### THE RECORDS:

-- Opening Marker --

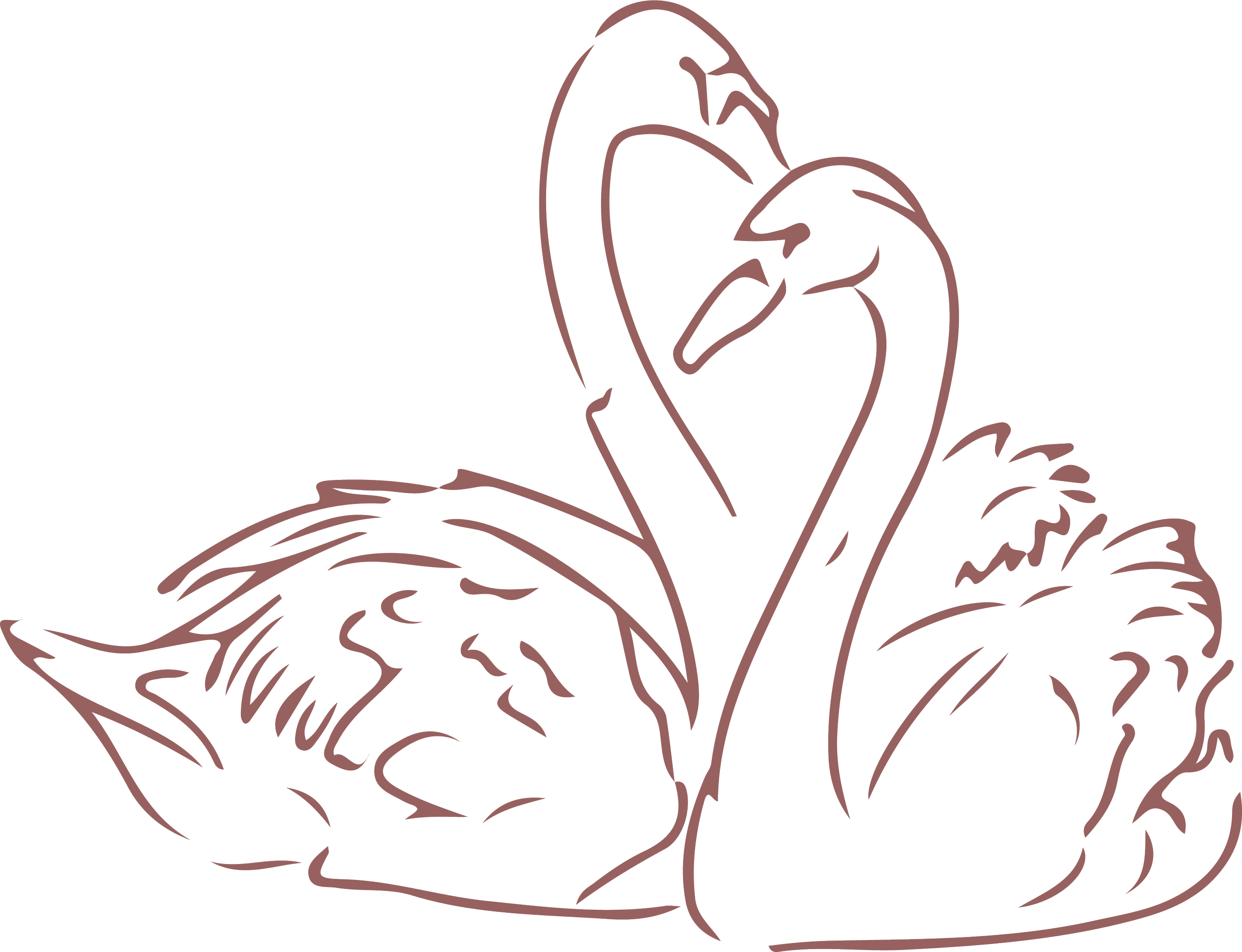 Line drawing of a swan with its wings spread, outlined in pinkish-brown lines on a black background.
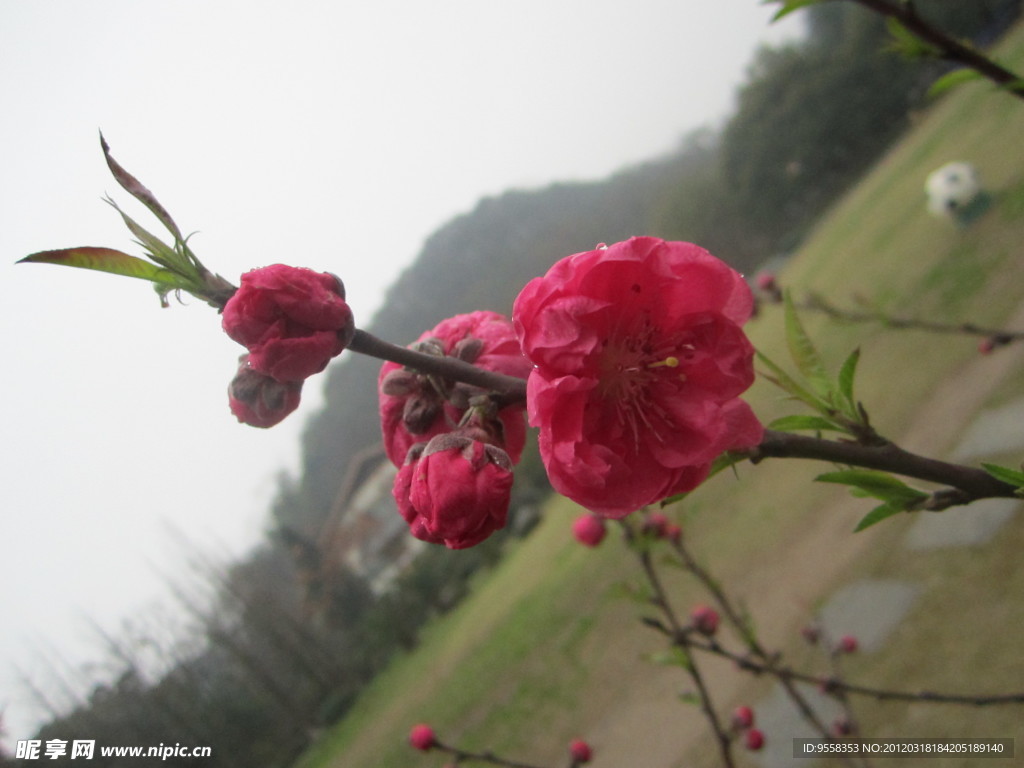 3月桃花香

-- Closing Marker --
-- Opening Marker --

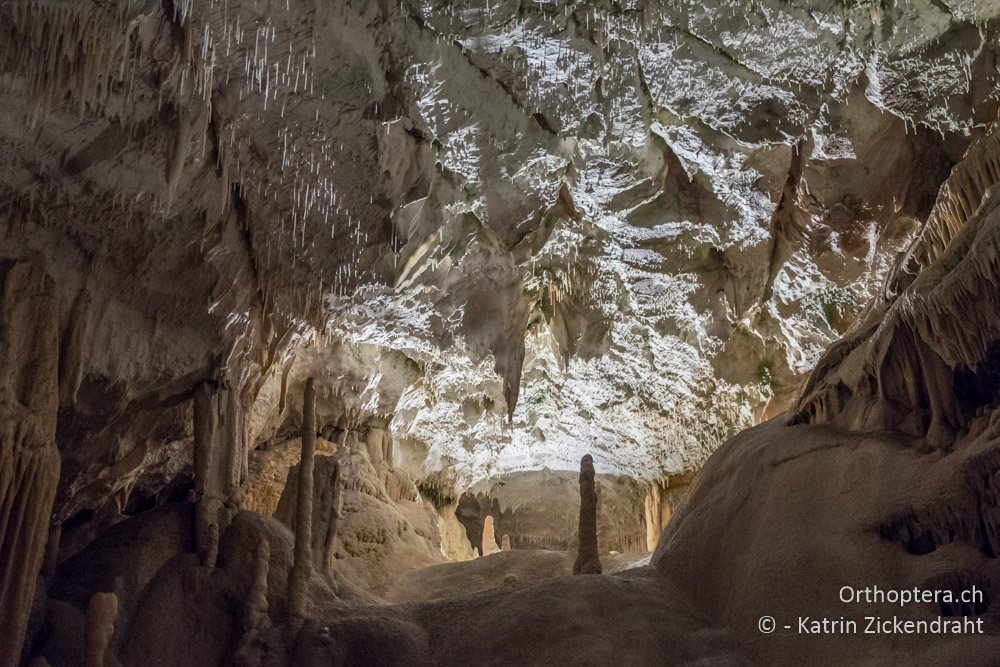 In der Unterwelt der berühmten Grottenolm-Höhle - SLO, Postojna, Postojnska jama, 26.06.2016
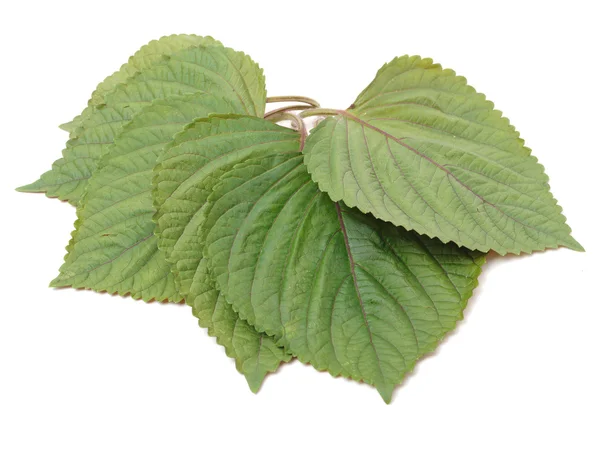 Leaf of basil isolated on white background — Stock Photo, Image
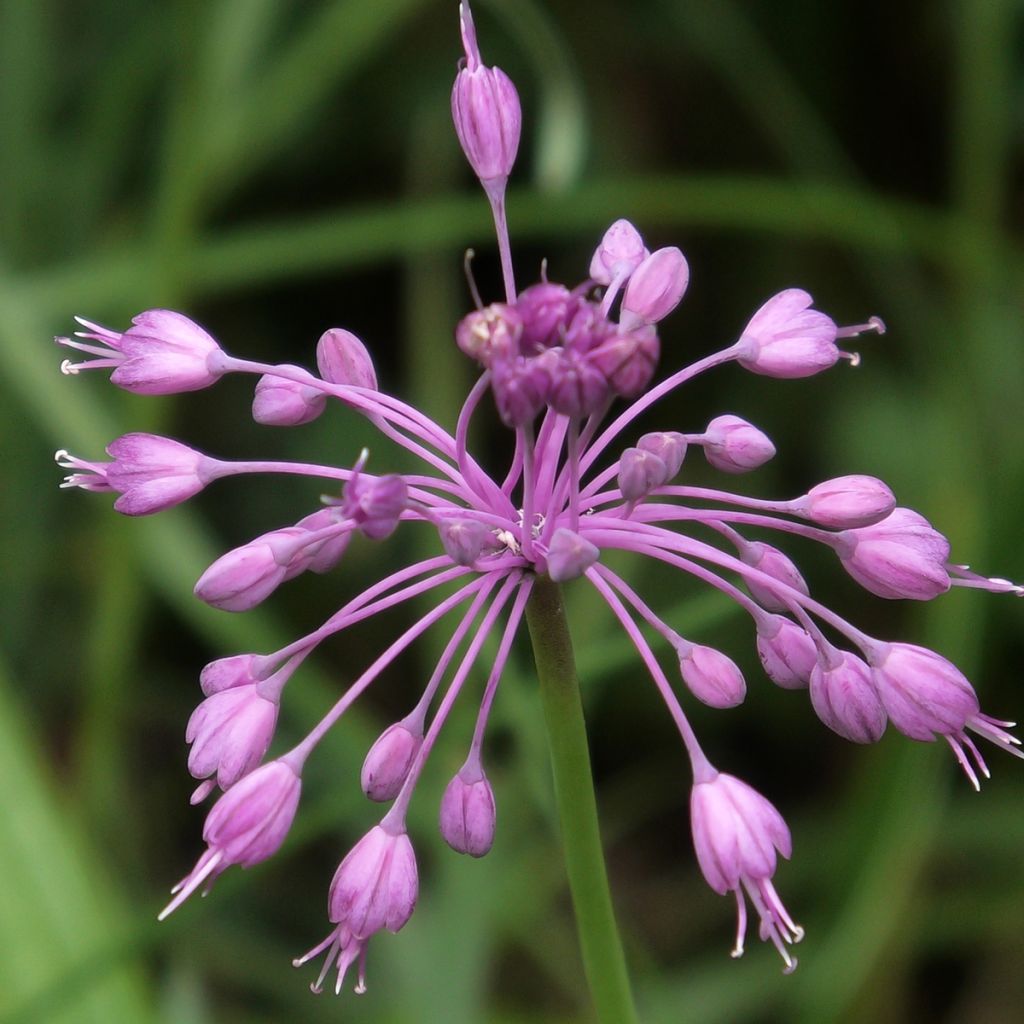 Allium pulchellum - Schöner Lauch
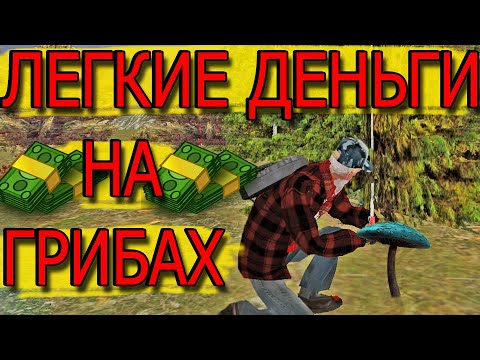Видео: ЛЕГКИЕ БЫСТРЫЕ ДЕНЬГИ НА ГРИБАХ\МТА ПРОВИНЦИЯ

-- Closing Marker --
-- Opening Marker --

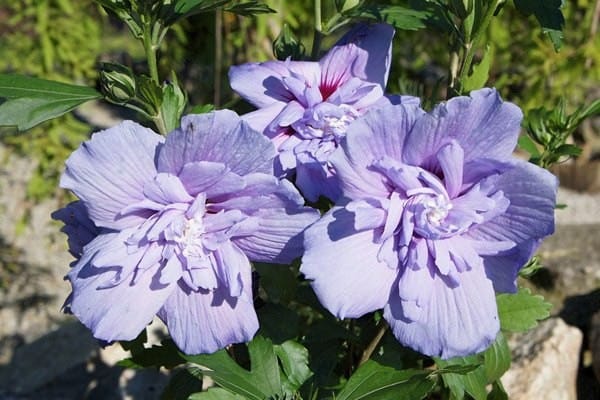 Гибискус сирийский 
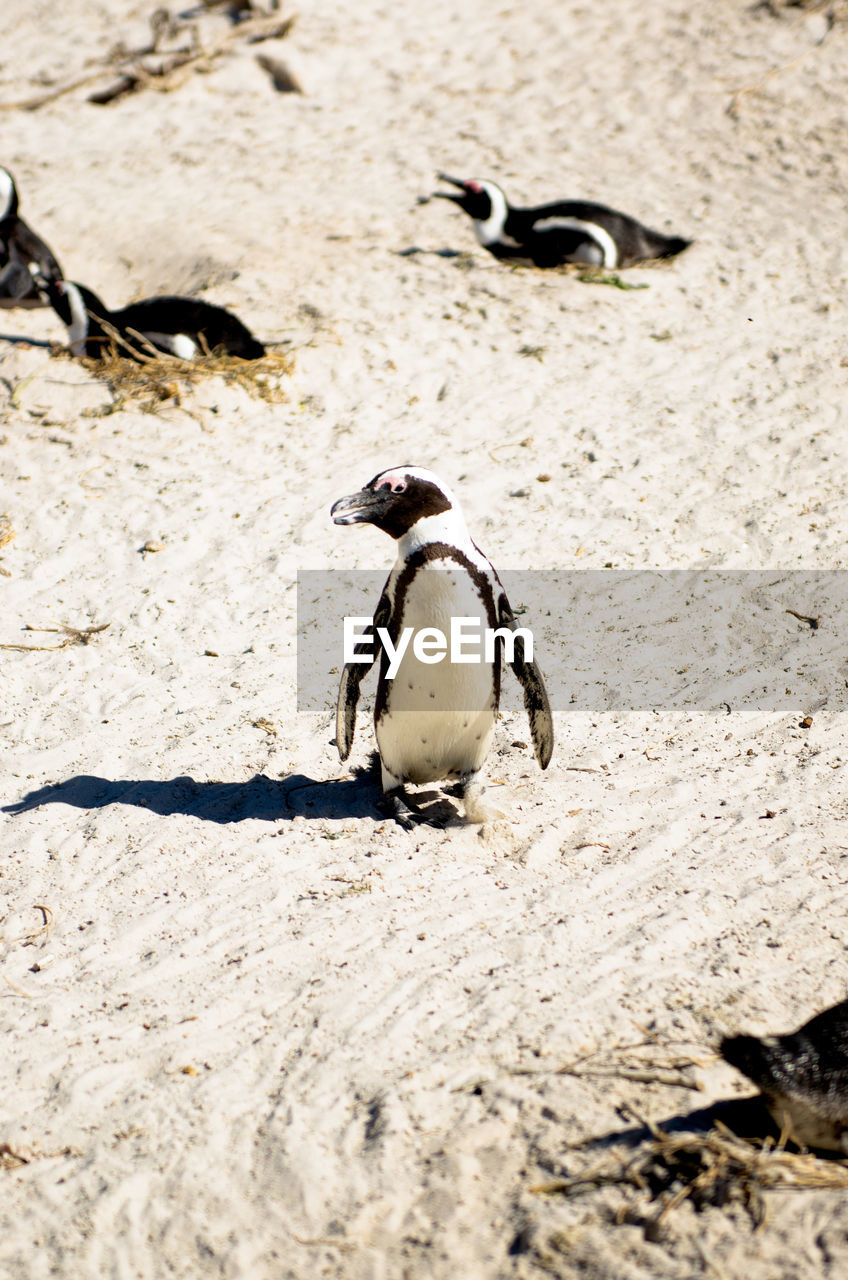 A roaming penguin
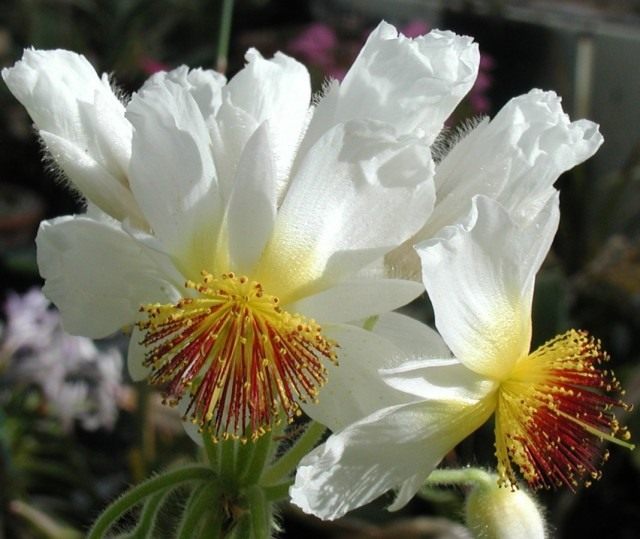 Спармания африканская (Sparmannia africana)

-- Closing Marker --

### WORK ITEM:
Print, word for word, the lines above that run from the line containing "A roaming penguin" to the line containing "Спармания африканская (Sparmannia africana)", both included. Keep the pictures out.

### EXERCISE OUTPUT:
 A roaming penguin
 Спармания африканская (Sparmannia africana)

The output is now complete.